Start of GIVEN MATERIAL

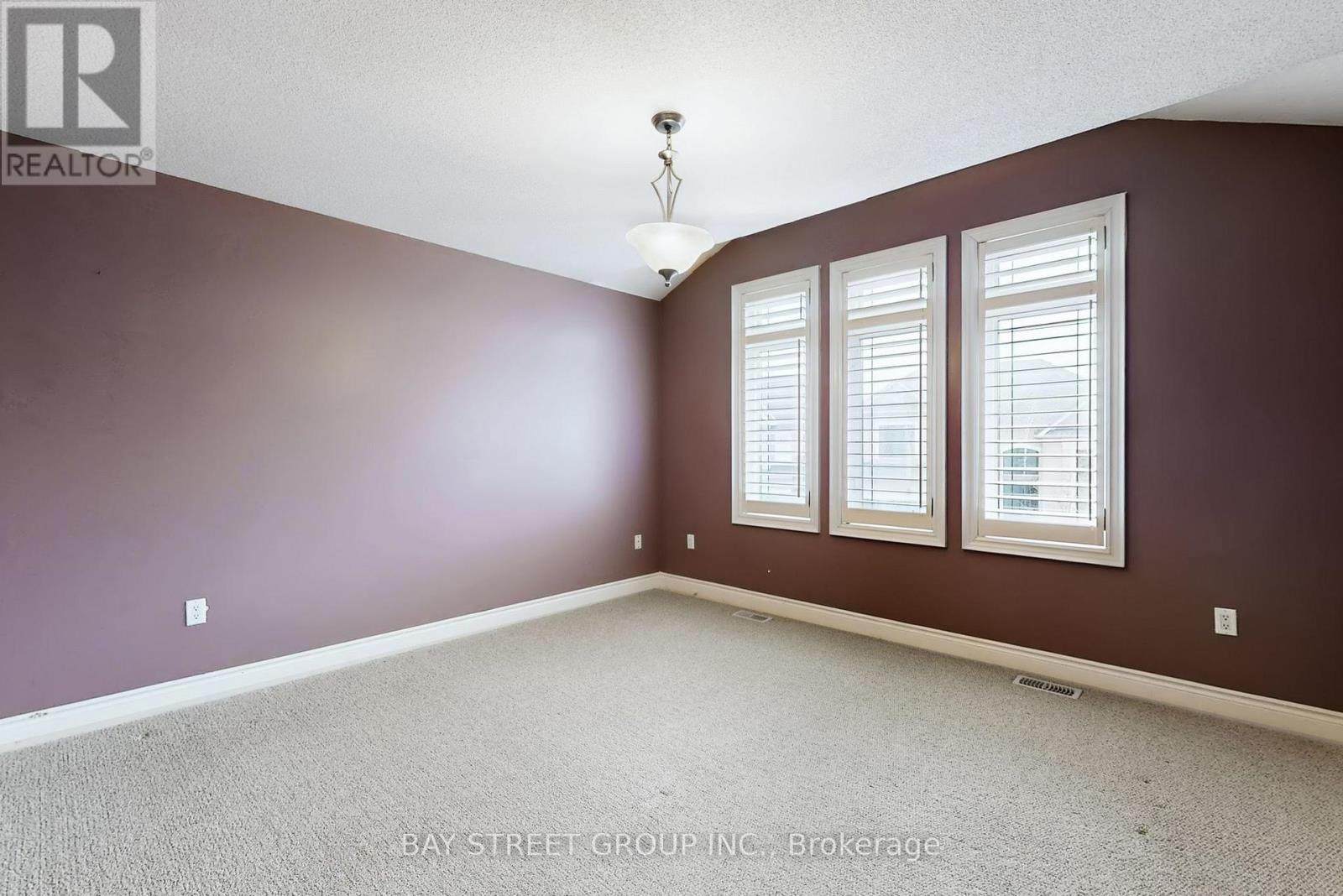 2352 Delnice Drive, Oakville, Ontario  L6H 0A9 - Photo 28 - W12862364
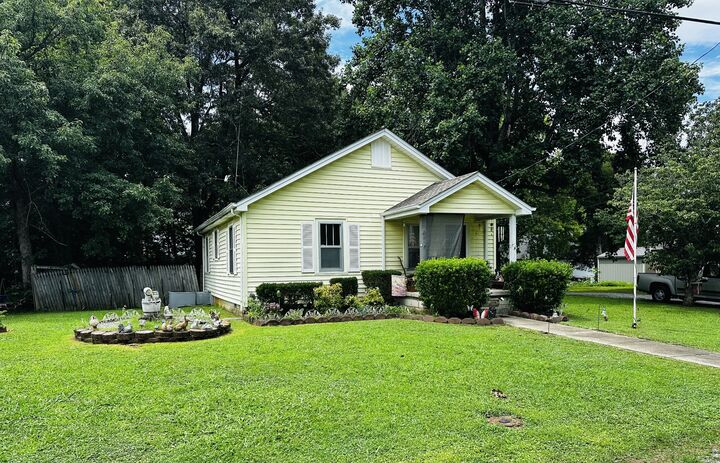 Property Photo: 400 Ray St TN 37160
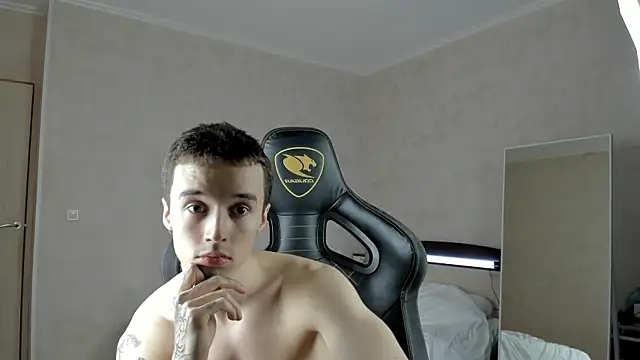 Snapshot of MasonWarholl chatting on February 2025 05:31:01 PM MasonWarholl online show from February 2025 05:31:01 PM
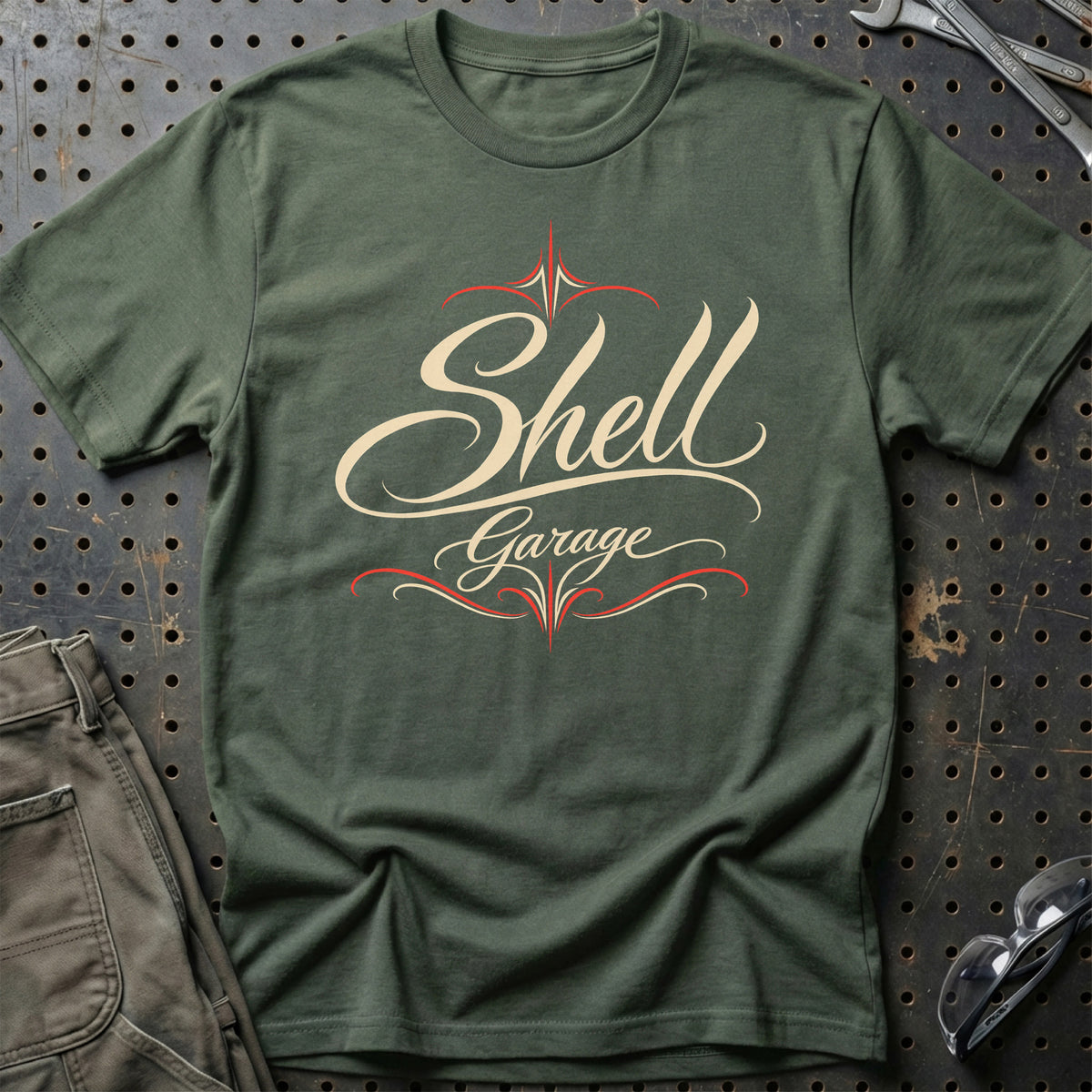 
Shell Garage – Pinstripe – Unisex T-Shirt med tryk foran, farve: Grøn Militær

End of GIVEN MATERIAL

WHAT IS EXPECTED: I'd like the material repeated word for word, without the pictures it holds.

RESPONSE TO THE EXERCISE:
 2352 Delnice Drive, Oakville, Ontario  L6H 0A9 - Photo 28 - W12862364
 Property Photo: 400 Ray St TN 37160
 Snapshot of MasonWarholl chatting on February 2025 05:31:01 PM MasonWarholl online show from February 2025 05:31:01 PM
Shell Garage – Pinstripe – Unisex T-Shirt med tryk foran, farve: Grøn Militær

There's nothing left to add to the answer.